__RECORDED DATA__
━━━━━━━━━━
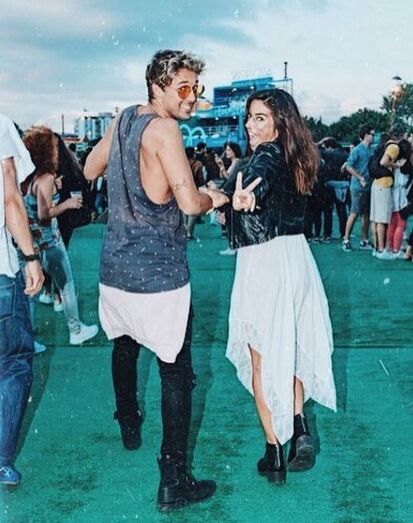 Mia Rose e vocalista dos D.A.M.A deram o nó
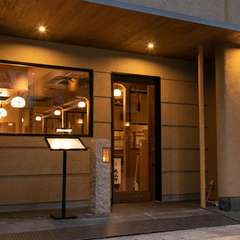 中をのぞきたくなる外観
━━━━━━━━━━
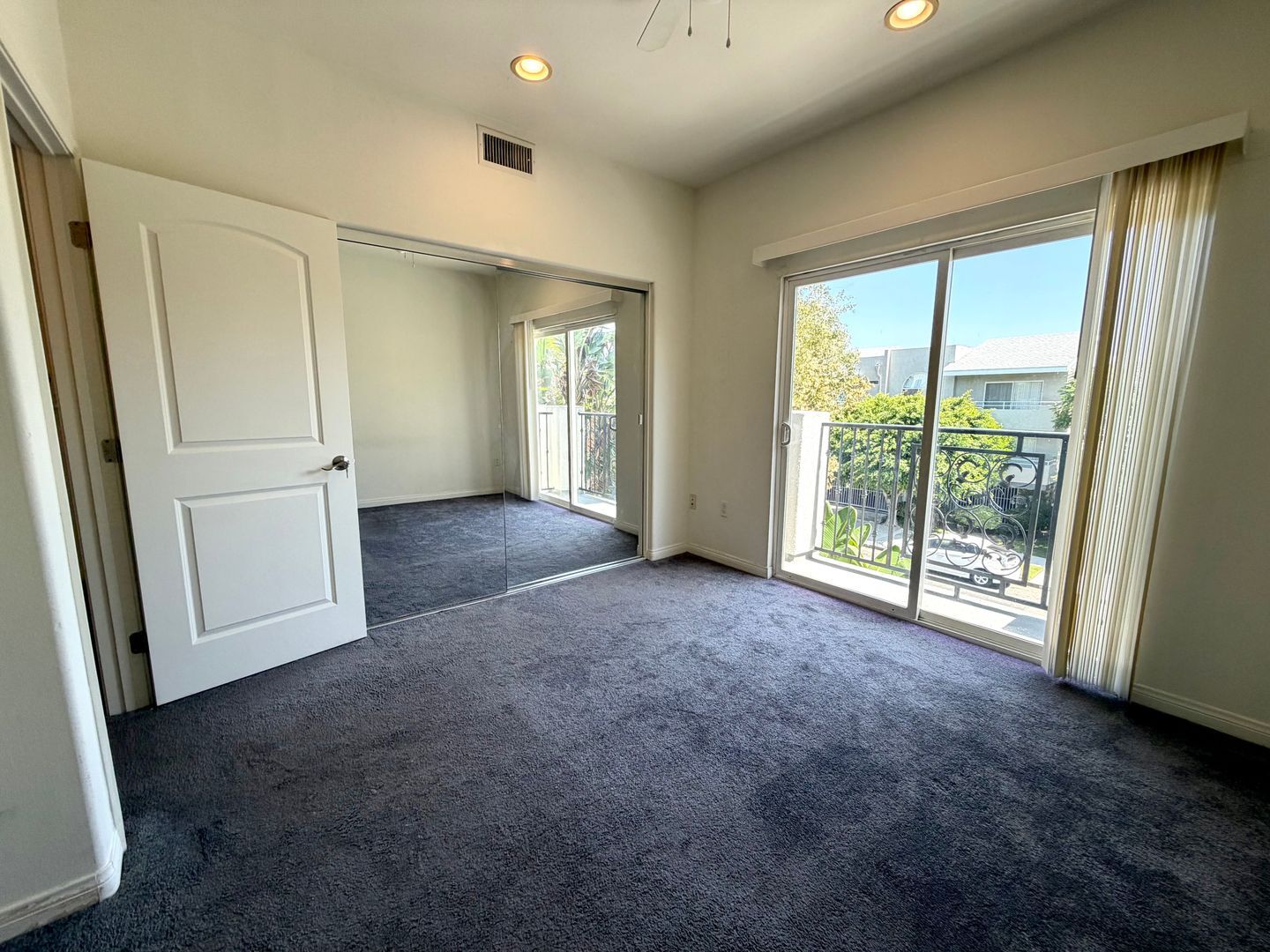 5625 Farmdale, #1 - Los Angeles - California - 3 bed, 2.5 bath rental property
━━━━━━━━━━
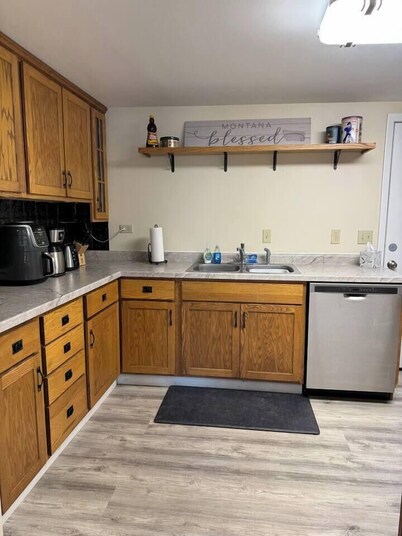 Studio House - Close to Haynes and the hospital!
━━━━━━━━━━
With the pictures omitted, print the lines above exactly, beginning at the line with "Mia Rose e vocalista dos D.A.M.A deram o nó" and going on through the line with "中をのぞきたくなる外観".

 Mia Rose e vocalista dos D.A.M.A deram o nó
 中をのぞきたくなる外観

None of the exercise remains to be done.